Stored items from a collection
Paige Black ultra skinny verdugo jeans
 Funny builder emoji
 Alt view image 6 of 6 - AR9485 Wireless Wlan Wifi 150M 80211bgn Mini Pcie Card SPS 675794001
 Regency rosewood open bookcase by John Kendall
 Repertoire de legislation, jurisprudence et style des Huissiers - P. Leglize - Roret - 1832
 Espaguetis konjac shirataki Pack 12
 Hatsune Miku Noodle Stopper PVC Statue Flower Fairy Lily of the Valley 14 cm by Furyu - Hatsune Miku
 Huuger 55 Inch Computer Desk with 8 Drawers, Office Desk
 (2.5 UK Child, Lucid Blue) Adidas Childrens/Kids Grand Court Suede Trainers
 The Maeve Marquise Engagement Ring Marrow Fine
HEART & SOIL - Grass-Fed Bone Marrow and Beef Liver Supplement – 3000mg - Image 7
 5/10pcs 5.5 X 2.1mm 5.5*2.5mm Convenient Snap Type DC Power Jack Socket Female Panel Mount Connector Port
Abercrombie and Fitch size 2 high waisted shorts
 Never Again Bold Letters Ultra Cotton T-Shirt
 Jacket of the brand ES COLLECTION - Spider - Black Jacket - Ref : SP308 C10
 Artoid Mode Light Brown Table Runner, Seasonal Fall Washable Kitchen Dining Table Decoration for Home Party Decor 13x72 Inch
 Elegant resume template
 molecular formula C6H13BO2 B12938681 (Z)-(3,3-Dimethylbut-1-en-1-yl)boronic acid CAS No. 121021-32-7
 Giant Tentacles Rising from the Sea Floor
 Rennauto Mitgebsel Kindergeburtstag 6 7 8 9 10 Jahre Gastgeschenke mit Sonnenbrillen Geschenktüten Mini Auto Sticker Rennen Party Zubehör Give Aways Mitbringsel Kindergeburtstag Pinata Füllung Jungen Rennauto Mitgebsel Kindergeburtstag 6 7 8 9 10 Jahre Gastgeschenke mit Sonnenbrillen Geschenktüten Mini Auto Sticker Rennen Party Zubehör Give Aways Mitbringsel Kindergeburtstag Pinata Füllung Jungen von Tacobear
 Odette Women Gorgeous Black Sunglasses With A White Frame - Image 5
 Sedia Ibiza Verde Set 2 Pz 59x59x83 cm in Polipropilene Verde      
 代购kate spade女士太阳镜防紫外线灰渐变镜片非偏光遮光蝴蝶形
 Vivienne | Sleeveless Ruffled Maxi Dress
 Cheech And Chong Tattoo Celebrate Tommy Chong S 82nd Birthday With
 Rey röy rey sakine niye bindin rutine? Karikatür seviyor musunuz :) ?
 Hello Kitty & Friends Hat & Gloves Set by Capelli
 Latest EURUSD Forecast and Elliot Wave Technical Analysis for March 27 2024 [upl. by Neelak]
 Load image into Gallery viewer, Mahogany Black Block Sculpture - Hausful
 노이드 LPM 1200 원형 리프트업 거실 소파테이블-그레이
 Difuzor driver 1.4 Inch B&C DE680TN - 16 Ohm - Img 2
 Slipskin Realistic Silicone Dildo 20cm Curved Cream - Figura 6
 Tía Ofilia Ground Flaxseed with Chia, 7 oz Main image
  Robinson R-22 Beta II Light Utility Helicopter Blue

[What needs to be done] A single number is the whole answer: the tally of lines in the entries that hold "Light".

[Answer below] 2